Zoubida Berrahou présente Boualem Sansal sous les traits d’un Obélix caricatural, doté d’une queue de cheval et d’un ton comique malgré lui, tout en pointant ses contradictions. L’auteur est dépeint comme un « prophète » de la littérature française, érigé au rang de Voltaire contemporain par les médias français, mais dont les postures humanistes et révolutionnaires semblent, selon Berrahou, teintées d’hypocrisie. Elle n’hésite pas à souligner son passé de haut fonctionnaire dans l’administration algérienne, dénonçant les incohérences entre son discours actuel d’opposition et les privilèges dont il aurait profité par le passé.
Dans le même registre satirique, Kamel Daoud est associé à Astérix, un personnage fier et souvent égaré par son ego. Selon Berrahou, il incarne un écrivain promu stratégiquement pour mener les « guerres culturelles à la française », un rôle qui, bien que flatteur en apparence, sert davantage les intérêts d’une France nostalgique de son passé colonial que ceux de la littérature algérienne ou universelle.
L’utilisation d’images populaires comme Astérix et Obélix permet à Zoubida Berrahou de rendre ses critiques accessibles tout en désacralisant les figures intellectuelles mises en avant par les médias français. Elle y mêle des observations acerbes, comme la comparaison entre Sansal et « Hansel » des contes de Grimm, pour dénoncer la victimisation de ces écrivains par les médias occidentaux, qui les présentent comme des martyrs d’un « régime totalitaire algérien ».

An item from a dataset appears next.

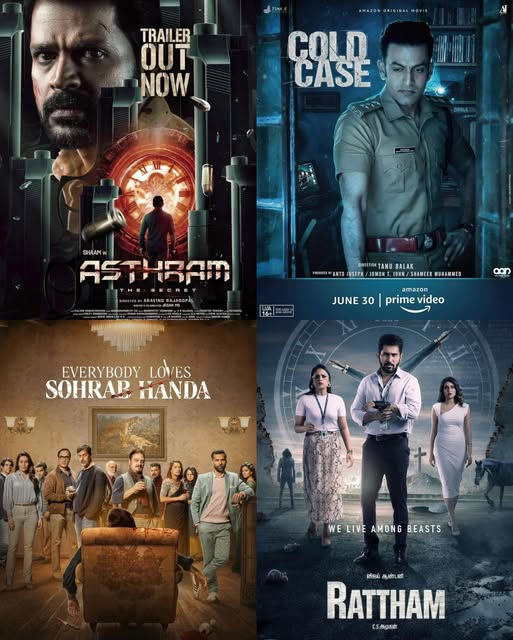 A collage of movie posters for underrated thriller films like Asthram, Cold Case, Raththam, and Everybody Loves Sohrab Handa.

La satire atteint son apogée lorsque Berrahou décrit Boualem Sansal comme un « Voltarène » (parodie de Voltaire) du passé colonial français, une figure promue pour conforter les narratifs algérophobes en France. Elle remet en question la vision binaire imposée par les médias, où l’Algérie serait un État oppressif face à de courageux intellectuels dissidents, en soulignant les nuances souvent ignorées. Par exemple, elle rappelle que Sansal a bénéficié d’avantages significatifs dans son pays natal, et que ses critiques s’accompagnent de silences gênants sur son propre rôle dans les rouages administratifs.
Enfin, Berrahou prolonge sa satire en abordant la « décennie noire » en Algérie. Elle critique Kamel Daoud pour sa simplification de cette période complexe, la réduisant à une guerre civile entre islamistes. Berrahou y voit une tentative de réécriture historique qui minimise le rôle des puissances étrangères, notamment la France, dans les bouleversements de cette époque.
À travers ce texte incisif, Zoubida Berrahou ne se contente pas de critiquer des écrivains spécifiques ; elle remet en cause un système culturel et politique où la littérature devient un instrument de pouvoir, au détriment de la vérité historique et des luttes sociales. Son écriture, à la fois érudite et acerbe, révèle une capacité unique à jongler entre humour, critique et analyse profonde des enjeux géopolitiques.